Seriously, the TMI part here is that these farm fresh eggs haven’t given me gas of the magnitude of an erupting volcano. It’s not a problem when I cook them into foods, but I have the same problem with dairy/ice cream too. With store bought eggs, by a 4th day I’d have a gas mask on and my husband would have started divorce proceedings! It’s that awful. Okay, end of TMI….I would love to find out if raw milk has the same results as basically, eliminating sensitivity or lactose intolerance.
Has anyone had that experience? If so, please tell me about it.
I knew yesterday how I wanted to cook my eggs today! POACHED. This series reminds me of the scene in Runaway Bride where Julia Roberts character Maggie tries to find out how she likes her eggs. Trying out each until she found the one she liked best.
It’s my favorite way to have eggs ad I haven’t had poached eggs (made in a double boiler type) in years because most cooks poach them directly in water and I don’t like watery poached eggs. My Big Boy decided my method to my madness was so interesting he wanted an egg too.
I was kinda hungry but looking more forward to poaching, I guess. I filled one of my double boiler pans with water, placed the poaching mini pans plate on, and put in one of the mini pans. Well, I put in one because I could only find one. My kids love these mini pans and I’m always trying to locate them.
Being high altitude it takes longer to boil water. At approximate height comparable to Denver it seems to take FOREVER. But it eventually does…so I slid in my egg.

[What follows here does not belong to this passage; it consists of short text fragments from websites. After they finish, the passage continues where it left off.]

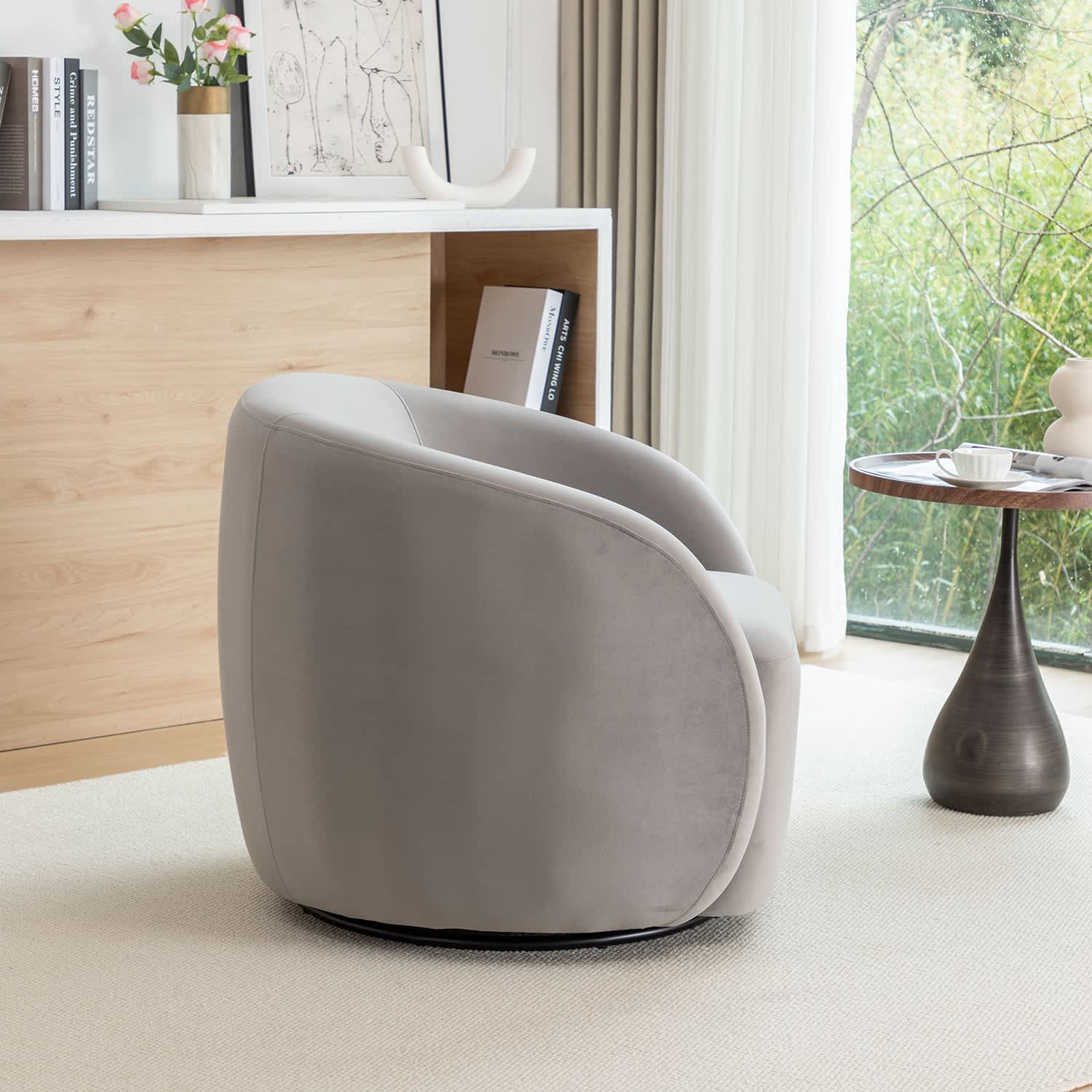 SEYNAR XY786-GREY chairs - View #3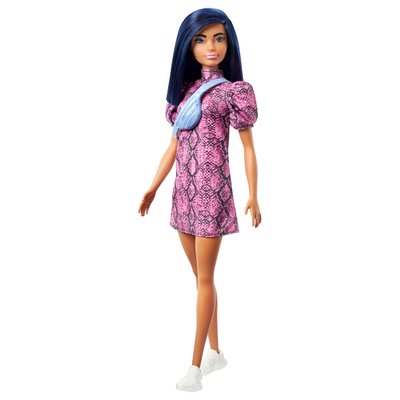 Barbie - Poupée Fashionistas Robe Python #143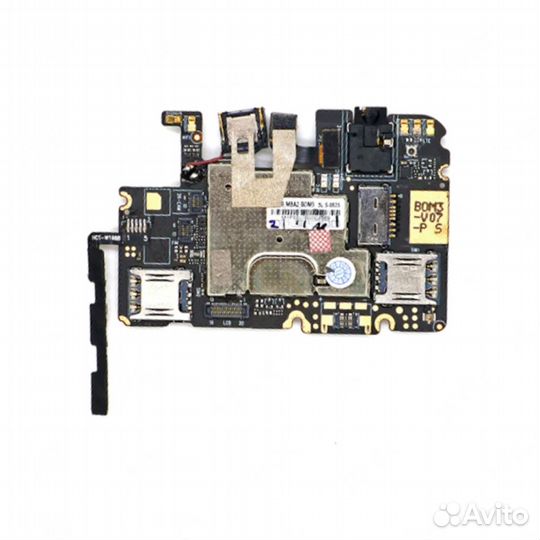 Системная плата для Blackview A60 Pro, (материнска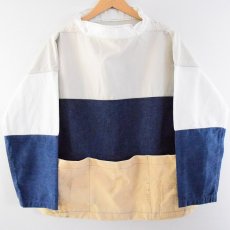 画像2: Feeet ORIGINAL GARMENTS "SEAMANS SMOCK" (2)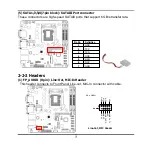 Предварительный просмотр 19 страницы JETWAY JNF9QU-Q87 Technical Manual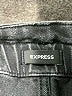 Express Tweed Black Jeans Size 14 - photo 7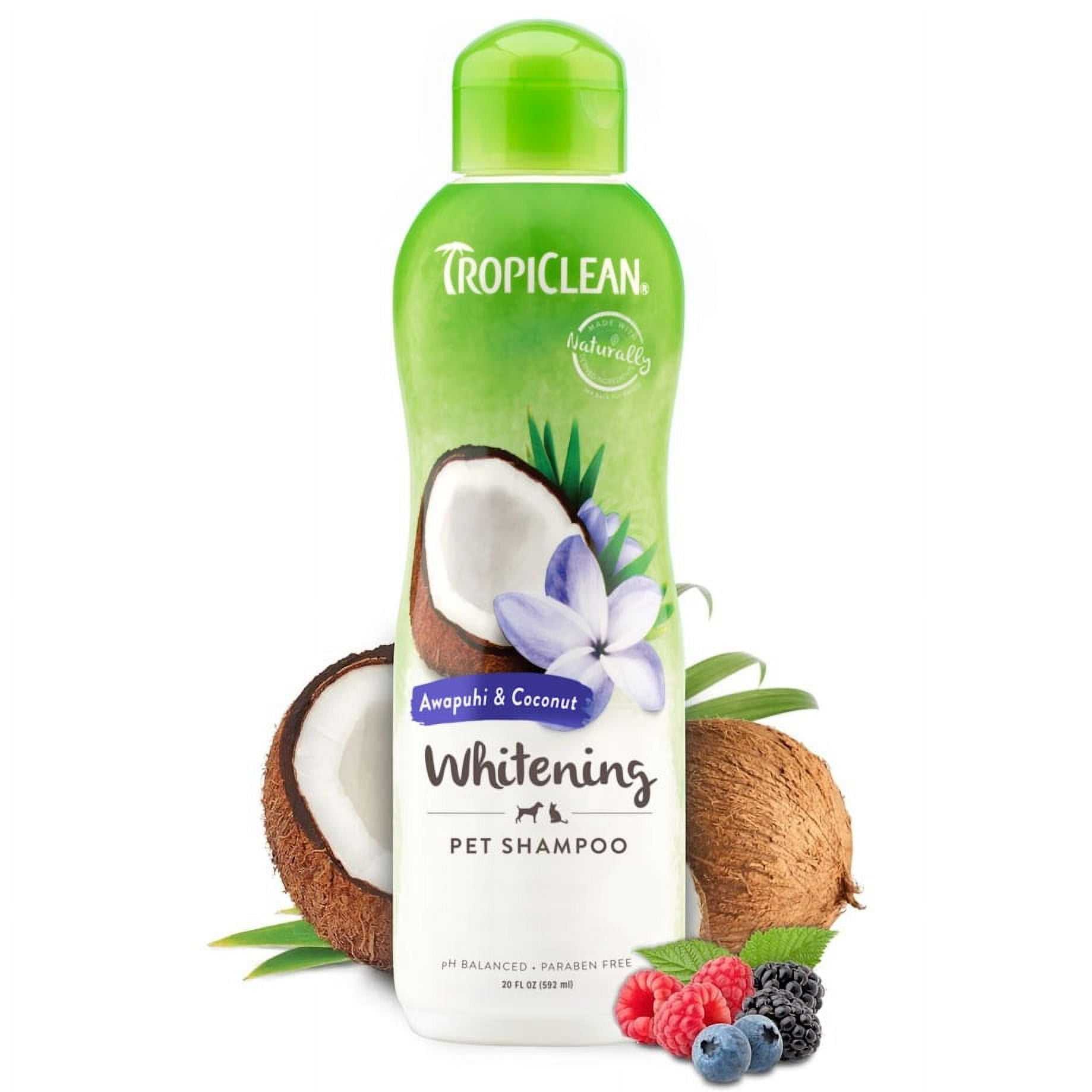 Tropiclean Awapuhi & Coconut Shampoo 592Ml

So I put a lid on it. I should have before but I wanted to watch (the kid in me). That did the trick to get the rest of it cooked. Then I began to worry about whether the yolk was cooked too. So I let it bubble some more.
Finally I poked it with a fork and it kept the fork. haha. Like good chili. So I flipped it out, or tried to, shoulda coated it with something beforehand. It turned out alright looking.
It was pretty good tasting but I needed to cook it longer to make the yolk cooked perfectly to my taste. I think the lid would have come in to play more here…another day, another egg.
I wasn’t very hungry this morning. Last night for dinner I made elk, baked potatoes and corn so it’s still processing. We also had a homemade ice cream and a dessert recipe out of the first cookbook by The Pioneer Woman’s (Ree Drummond) for Oatmeal Crispies (check out my Reading Challenge post to find out what I’m reading!).
I pulled the carton of eggs out wondering what kind to make, finally deciding on scrambled when Big Boy said he wasn’t interested in any. My husband had already made his oatmeal and I was trying to stay out of his way in our small galley kitchen.
Once I was alone, I made this…
and ended with a final product, garnishing with Tabasco and an orange sliver.
It took longer to cook than usual which I attributed to the juicier content of the whites. I like my eggs scrambled really dry but I was too impatient to wake any longer… Once again, tasty and delicious! My husband liked the looks of my eggs so much he took a bite forgetting I like my scrambled eggs a bit spicy.
I was surprised at how “juicy” the whites are in the fresh eggs from the farm. I wonder how long it takes before they become less juicy?
Also, a reader commented that I should make boiled eggs to appreciate the differences of store bought and fresh farm eggs – I did right after this for a potato salad! I didn’t take a photo but yes, the hard yolk is very yellow. Much more yellow than my pale yellow store bought egg I boiled alongside for comparison. I thought that was interesting…I plan on making a poached egg for Saturday morning breakfast.
I have some digestive issues normally associated with even one serving of dairy or eggs…gas. *TMI ALERT* Nose hair curling gas. Yup. Oddly, I’ve found NO DIGESTIVE ISSUES with these fresh farm eggs. I’m very excited in this discovery. If farm fresh is all that resolves my flipping issues with gas after eating eggs then Doris is going to have one heck of a customer in me!
Is it true, fresh eggs/raw milk resolve digestive issues with eggs/dairy?